# B & B Honey Farm



## MapMan (May 24, 2007)

Just got back picking up some more frames/foundation from B & B Honey Farm. Nice picturesque drive, great folks, great products. Highly recommended. If you can't drive there, and live in the Midwest covered by Spee-Dee delivery, they can get you great shipping rates. To my area it's overnight - without overnight rates.

I think that they sell Humble Abodes woodenware - their frames are *absolutely the best you can buy *- clear, straight grain, white pine stock, and they fit together tight. *Try 'em you'll love them.
*
MM


----------



## Charlotte (Nov 4, 2008)

I have had a good experience with them as well. Bought a real nice stainless hand crank extractor from them. Best deal anywhere. They also have nice slatted racks & a great screened bottom board with the tray underneath. Nice folks to deal with as well.

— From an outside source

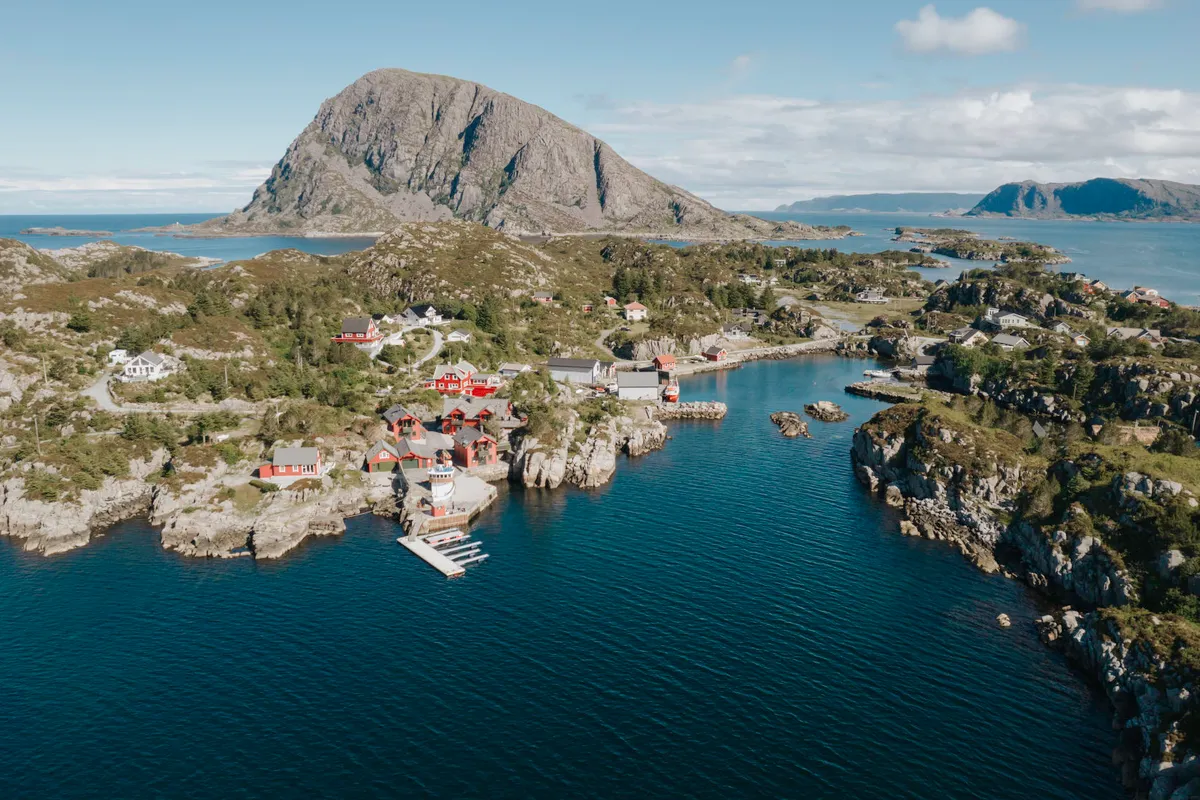 Flora, stop in Florø, Norway — photo 7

I hear they also sell Nucs of Mn hygenics, however, I have not tried their bees.


----------



## NDnewbeek (Jul 4, 2008)

I also just received an order from B&B. 20 med Pierco, 10 deep Pierco and 20 deep frames - shipping was fast and only 8.50 by SpeeDee Delivery. I also highly recommend them.


----------



## greengecko (Dec 16, 2008)

Has anyone purchased their package bees? If so, how were they?


----------